── Study material

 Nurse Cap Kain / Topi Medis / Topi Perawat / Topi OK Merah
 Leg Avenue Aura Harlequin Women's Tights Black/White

────
── Study material

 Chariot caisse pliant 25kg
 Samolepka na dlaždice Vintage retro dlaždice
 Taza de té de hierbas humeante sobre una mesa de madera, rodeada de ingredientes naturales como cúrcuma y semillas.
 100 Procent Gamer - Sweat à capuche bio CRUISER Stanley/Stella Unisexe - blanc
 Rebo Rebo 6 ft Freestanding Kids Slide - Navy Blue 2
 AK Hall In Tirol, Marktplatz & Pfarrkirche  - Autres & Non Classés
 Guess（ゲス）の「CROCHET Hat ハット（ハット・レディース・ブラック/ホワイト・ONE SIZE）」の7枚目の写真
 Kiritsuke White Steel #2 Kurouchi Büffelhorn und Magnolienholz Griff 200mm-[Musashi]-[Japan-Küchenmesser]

────

What to work on –
From the listing above, pick out each line where the word "White" appears.

Final answer –
 Leg Avenue Aura Harlequin Women's Tights Black/White
 Kiritsuke White Steel #2 Kurouchi Büffelhorn und Magnolienholz Griff 200mm-[Musashi]-[Japan-Küchenmesser]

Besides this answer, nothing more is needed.